Microsoft co-founder Bill Gates, who’s currently acting as technical advisor to CEO Satya Nadella, said in an interview this morning that it makes no sense to spin off Bing but that he would support Nadella if the new CEO wanted to spin off Xbox.
In reply to a question about whether there’s an opportunity to create shareholder value by splitting Microsoft into different companies, specifically regarding Bing and Xbox, Gates replied: “Certainly, the Bing technology has been the key to us learning how to do large scale data centers. And Bing lets us see what’s going on on the Internet. … I see that as a pretty fundamental technology for the company.”
Gates made his remarks in an interview, alongside Berkshire Hathaway Chairman and CEO Warren Buffett, with FOX Business Network’s Liz Claman.
Microsoft has done some spinoffs historically, Gates said, citing Expedia and Slate, both of which started off at Microsoft.
“We’re thinking about: Are there pieces that are separable,” Gates said. “But our basic research, including the stuff that goes into Bing, I can’t see that making sense to break it off.”

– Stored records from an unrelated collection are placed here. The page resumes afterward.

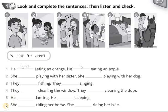6. She's riding her horse. She isn't riding her bike.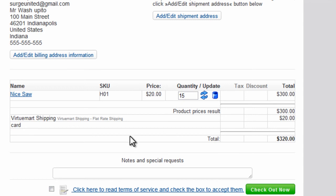So any quantity between 1 and 10 is going to get a $10 flat rate shipping. And any quantity between 11 and 20 is going to get a $20 flat rate shipping for this particular SKU H01.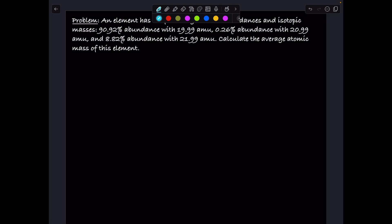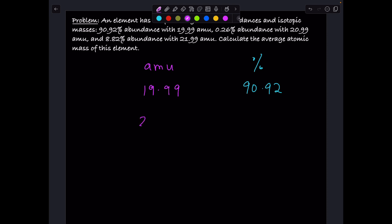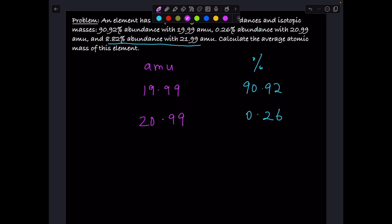We want to first write down the atomic mass unit and the corresponding percentage. We have 19.99 atomic mass units and the percentage is 90.92%. We have 20.99 atomic mass units, whose percentage is 0.26%. We have 8.82% abundance for 21.99 atomic mass units.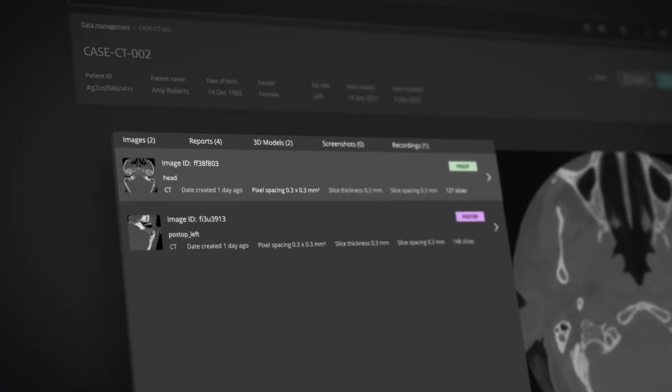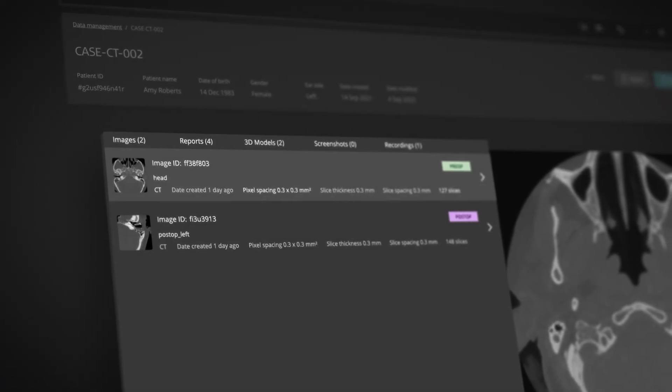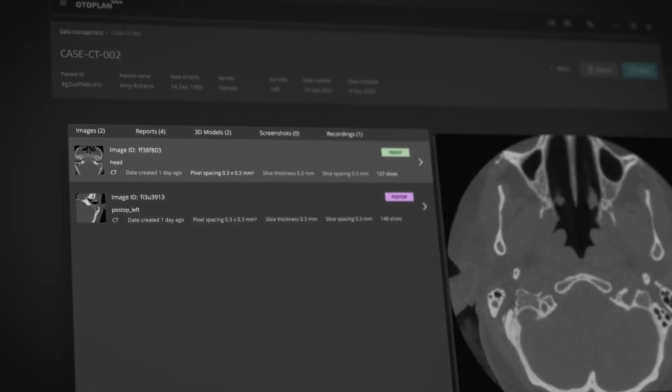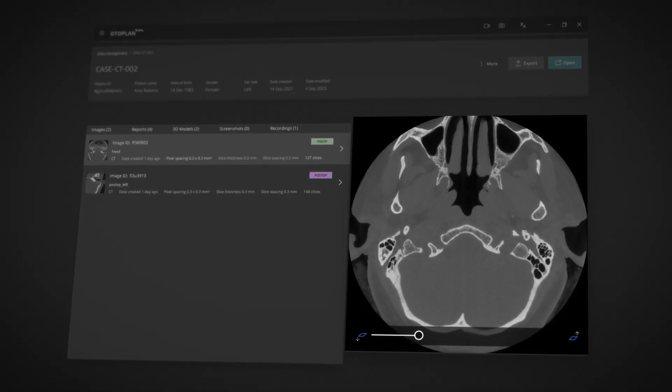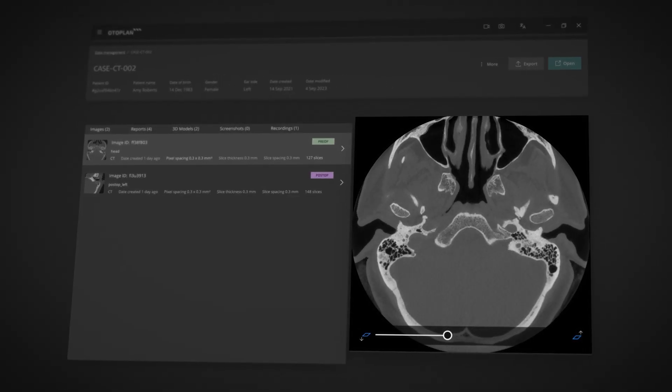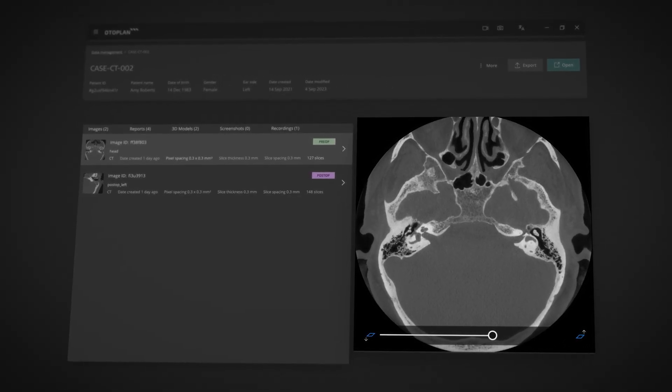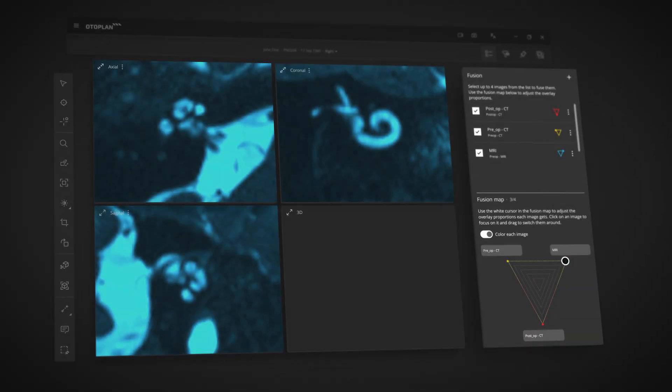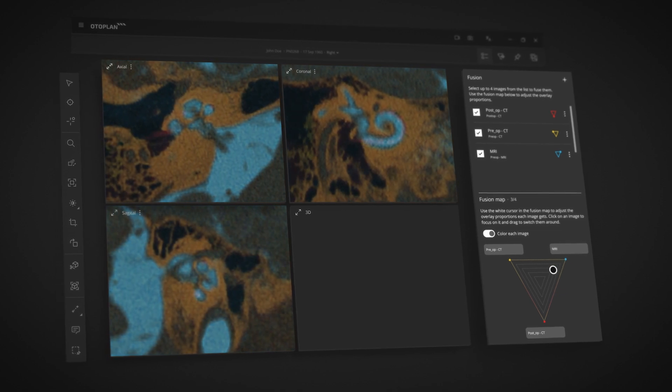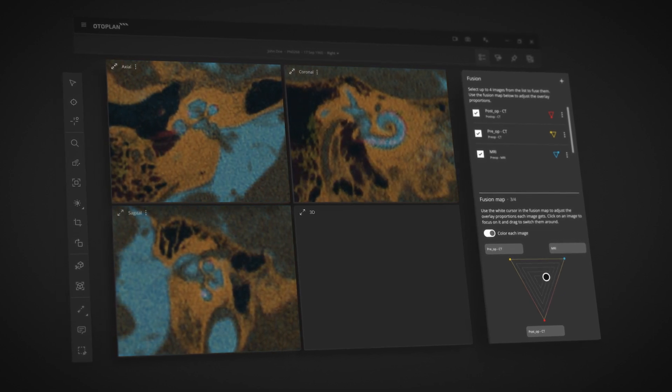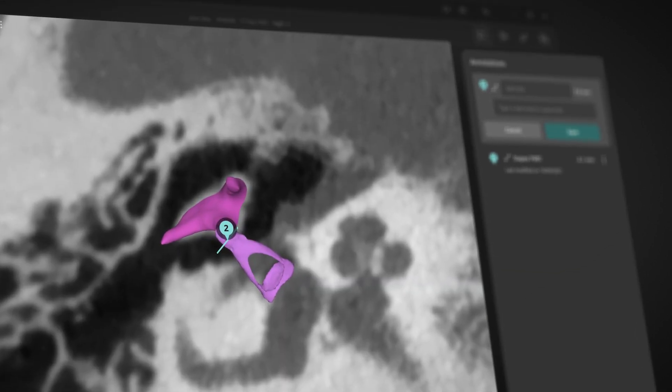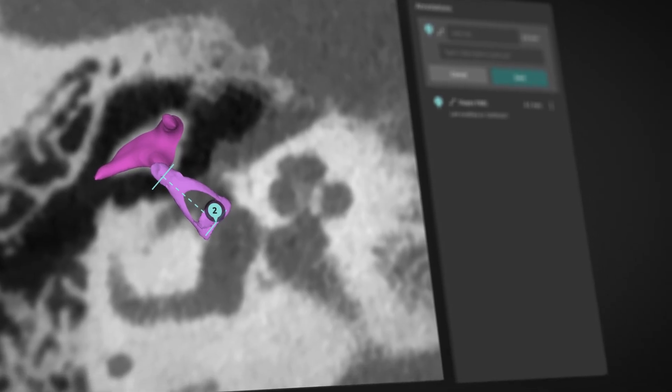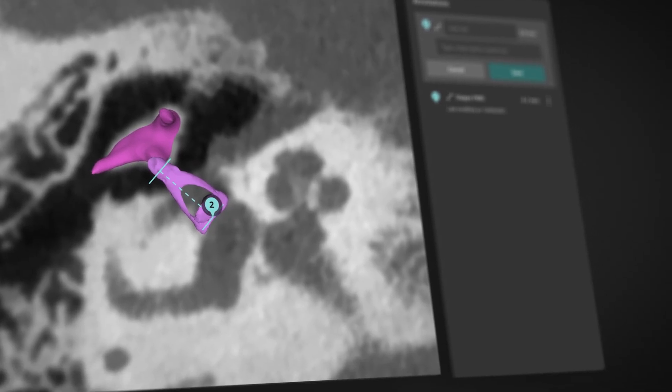Quickly and easily access all the information you need. Seamlessly navigate through patient imaging data. View anatomical structures in detail. Perform measurements on DICOM images using 2D and 3D tools.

Claman then asked if it made sense to break off Xbox.
Gates said Microsoft is working to bring PC and Xbox gaming closer together, saying: “The power of the PC chip, the graphics chip which means you can do great games there, so I’m sure Satya and the team will look at that and you know it’s up to them. … We’re going to have an overall gaming strategy. So it’s not as obvious as you might think.”
When Claman asked if Gates would support Nadella if Nadella wanted to spin off Xbox, Gates replied: “Absolutely.”
Asked when Microsoft’s Surface tablets would be profitable, Gates said the high-end version of Surface (the Surface Pro), which has better margins, is gaining share.
But “the hardware business — you’re never going to have the kind of profitability you have in the pure software business,” he said. “Understanding where our COGS (cost of goods sold) are going — both for the hardware and these big data centers we’re building — analysts and investors are going to have to watch that a lot more carefully than they did when we were just a pure licensing company.”